Reproduce exactly, from the data that follows, the line with "presscode.gr Ο πρώην", the line with "Bodrum’da sel felaketi: 4", and every line that lies between them.

Material provided
Content starts

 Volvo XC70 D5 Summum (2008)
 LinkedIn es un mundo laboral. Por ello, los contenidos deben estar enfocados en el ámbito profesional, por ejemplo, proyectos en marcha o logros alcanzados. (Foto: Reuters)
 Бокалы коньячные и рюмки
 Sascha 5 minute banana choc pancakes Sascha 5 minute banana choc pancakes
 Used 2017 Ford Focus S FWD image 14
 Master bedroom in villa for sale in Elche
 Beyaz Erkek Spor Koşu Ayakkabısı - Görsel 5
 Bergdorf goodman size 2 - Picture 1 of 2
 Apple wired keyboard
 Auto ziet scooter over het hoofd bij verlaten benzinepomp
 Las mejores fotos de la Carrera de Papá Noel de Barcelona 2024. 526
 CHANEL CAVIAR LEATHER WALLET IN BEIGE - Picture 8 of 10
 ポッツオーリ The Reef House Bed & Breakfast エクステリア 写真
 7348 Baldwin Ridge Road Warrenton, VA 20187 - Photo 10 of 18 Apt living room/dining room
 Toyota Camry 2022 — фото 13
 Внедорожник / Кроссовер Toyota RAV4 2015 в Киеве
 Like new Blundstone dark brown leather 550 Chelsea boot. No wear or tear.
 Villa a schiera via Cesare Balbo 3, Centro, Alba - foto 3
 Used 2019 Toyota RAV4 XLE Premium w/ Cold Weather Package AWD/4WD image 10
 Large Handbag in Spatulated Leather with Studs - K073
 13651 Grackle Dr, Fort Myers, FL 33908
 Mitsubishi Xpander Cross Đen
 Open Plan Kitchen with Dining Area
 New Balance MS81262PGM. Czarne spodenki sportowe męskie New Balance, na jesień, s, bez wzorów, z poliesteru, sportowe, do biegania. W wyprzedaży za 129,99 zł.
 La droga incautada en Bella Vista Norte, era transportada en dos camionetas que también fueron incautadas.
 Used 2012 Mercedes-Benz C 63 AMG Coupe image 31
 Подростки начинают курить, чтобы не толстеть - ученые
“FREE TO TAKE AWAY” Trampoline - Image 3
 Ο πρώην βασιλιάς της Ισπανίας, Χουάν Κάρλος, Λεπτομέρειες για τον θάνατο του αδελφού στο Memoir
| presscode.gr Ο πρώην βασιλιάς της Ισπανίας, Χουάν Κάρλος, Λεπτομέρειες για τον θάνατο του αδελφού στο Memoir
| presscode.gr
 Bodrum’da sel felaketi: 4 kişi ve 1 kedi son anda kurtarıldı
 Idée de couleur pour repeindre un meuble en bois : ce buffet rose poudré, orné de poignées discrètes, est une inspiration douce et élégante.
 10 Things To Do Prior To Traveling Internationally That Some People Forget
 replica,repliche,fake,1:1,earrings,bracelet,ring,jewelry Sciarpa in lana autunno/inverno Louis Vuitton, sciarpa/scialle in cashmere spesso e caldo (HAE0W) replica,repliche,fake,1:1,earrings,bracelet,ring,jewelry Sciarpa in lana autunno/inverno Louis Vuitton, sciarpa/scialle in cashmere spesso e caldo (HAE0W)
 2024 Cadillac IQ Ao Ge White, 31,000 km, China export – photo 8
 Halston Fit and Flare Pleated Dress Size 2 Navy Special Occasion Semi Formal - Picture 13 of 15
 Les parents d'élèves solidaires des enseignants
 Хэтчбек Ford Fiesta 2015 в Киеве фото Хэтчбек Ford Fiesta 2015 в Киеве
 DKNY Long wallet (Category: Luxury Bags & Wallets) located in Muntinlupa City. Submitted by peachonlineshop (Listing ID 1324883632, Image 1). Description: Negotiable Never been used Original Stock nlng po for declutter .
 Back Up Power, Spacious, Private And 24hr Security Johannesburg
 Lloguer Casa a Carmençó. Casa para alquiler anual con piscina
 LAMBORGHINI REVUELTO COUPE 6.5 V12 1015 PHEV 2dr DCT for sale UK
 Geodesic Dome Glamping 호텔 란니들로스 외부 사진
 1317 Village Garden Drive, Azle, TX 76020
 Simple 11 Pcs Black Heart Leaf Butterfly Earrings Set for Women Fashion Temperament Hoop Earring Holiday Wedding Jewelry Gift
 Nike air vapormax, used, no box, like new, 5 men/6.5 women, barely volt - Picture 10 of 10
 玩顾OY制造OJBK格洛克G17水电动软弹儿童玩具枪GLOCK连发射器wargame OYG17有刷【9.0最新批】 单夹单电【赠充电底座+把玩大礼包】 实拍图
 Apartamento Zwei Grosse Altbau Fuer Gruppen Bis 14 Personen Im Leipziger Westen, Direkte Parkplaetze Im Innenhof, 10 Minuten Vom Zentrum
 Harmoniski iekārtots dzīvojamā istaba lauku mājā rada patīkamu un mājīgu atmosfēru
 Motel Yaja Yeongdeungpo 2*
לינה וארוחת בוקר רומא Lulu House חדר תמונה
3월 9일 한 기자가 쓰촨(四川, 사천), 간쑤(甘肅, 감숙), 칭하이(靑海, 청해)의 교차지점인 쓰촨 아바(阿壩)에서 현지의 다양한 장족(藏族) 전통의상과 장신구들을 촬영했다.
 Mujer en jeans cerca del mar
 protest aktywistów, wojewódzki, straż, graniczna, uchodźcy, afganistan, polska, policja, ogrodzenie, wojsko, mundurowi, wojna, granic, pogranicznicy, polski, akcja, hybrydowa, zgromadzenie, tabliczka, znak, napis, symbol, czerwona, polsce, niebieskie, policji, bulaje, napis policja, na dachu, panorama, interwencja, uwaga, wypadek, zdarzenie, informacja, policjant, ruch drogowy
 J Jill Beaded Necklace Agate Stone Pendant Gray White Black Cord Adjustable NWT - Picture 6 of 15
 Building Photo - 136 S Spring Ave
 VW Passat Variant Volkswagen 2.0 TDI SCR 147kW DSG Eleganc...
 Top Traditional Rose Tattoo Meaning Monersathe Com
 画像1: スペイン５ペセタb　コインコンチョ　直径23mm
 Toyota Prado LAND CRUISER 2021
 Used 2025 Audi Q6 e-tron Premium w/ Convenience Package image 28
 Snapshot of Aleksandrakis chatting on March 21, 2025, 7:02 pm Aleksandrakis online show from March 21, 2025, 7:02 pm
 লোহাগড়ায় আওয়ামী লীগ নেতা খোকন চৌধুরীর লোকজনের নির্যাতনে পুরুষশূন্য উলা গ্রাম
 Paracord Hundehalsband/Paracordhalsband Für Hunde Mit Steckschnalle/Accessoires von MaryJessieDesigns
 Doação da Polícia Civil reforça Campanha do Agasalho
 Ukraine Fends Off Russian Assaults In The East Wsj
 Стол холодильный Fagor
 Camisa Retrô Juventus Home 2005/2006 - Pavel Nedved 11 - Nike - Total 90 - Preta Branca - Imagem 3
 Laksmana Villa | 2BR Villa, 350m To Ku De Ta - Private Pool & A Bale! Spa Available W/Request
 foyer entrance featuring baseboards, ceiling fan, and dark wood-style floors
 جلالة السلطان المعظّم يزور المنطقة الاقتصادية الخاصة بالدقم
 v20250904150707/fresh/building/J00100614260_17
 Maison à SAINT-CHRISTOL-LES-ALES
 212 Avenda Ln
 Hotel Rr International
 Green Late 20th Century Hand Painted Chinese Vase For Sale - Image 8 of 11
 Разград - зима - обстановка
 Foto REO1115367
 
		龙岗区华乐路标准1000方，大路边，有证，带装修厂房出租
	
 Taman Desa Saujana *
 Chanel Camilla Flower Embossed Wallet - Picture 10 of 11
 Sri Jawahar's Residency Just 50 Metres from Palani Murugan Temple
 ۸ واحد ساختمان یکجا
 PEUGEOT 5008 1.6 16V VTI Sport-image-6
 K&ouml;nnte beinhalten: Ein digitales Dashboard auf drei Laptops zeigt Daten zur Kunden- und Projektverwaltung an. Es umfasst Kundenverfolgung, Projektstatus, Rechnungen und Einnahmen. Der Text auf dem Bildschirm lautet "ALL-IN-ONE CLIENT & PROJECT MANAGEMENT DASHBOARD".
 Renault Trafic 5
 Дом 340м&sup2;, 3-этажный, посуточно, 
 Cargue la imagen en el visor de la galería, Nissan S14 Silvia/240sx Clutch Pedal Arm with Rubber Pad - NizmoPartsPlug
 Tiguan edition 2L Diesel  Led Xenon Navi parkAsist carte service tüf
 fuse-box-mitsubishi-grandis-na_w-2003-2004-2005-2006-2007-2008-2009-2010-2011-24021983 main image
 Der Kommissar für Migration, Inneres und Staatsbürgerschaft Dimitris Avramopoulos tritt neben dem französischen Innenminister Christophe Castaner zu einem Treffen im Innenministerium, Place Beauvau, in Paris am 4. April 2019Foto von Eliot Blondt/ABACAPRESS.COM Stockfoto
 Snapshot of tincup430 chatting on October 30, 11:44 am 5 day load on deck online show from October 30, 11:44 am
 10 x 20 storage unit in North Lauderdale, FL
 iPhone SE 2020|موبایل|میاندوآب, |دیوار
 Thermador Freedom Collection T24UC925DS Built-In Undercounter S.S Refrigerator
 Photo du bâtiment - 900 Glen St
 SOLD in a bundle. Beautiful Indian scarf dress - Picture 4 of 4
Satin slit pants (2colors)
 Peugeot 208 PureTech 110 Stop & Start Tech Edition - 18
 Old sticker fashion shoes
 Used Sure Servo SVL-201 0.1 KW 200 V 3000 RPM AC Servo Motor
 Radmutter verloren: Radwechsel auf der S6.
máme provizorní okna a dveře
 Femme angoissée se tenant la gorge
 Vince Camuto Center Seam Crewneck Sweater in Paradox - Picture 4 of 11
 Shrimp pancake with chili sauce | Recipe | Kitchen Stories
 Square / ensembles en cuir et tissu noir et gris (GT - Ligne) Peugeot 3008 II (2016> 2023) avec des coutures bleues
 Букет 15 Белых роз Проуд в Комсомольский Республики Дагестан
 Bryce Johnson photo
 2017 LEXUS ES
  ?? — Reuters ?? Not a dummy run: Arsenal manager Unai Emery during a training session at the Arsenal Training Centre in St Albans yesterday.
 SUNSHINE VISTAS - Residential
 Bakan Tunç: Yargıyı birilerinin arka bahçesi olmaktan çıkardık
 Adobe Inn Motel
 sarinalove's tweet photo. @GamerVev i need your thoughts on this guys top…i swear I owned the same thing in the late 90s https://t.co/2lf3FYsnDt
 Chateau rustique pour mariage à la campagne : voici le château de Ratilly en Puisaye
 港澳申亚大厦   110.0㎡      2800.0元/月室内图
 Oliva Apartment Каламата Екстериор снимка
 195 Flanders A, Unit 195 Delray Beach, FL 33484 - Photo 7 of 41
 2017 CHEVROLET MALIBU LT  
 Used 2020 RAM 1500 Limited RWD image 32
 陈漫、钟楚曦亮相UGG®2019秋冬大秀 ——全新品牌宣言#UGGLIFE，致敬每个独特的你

Content ends

Exercise output
| presscode.gr Ο πρώην βασιλιάς της Ισπανίας, Χουάν Κάρλος, Λεπτομέρειες για τον θάνατο του αδελφού στο Memoir
| presscode.gr
 Bodrum’da sel felaketi: 4 kişi ve 1 kedi son anda kurtarıldı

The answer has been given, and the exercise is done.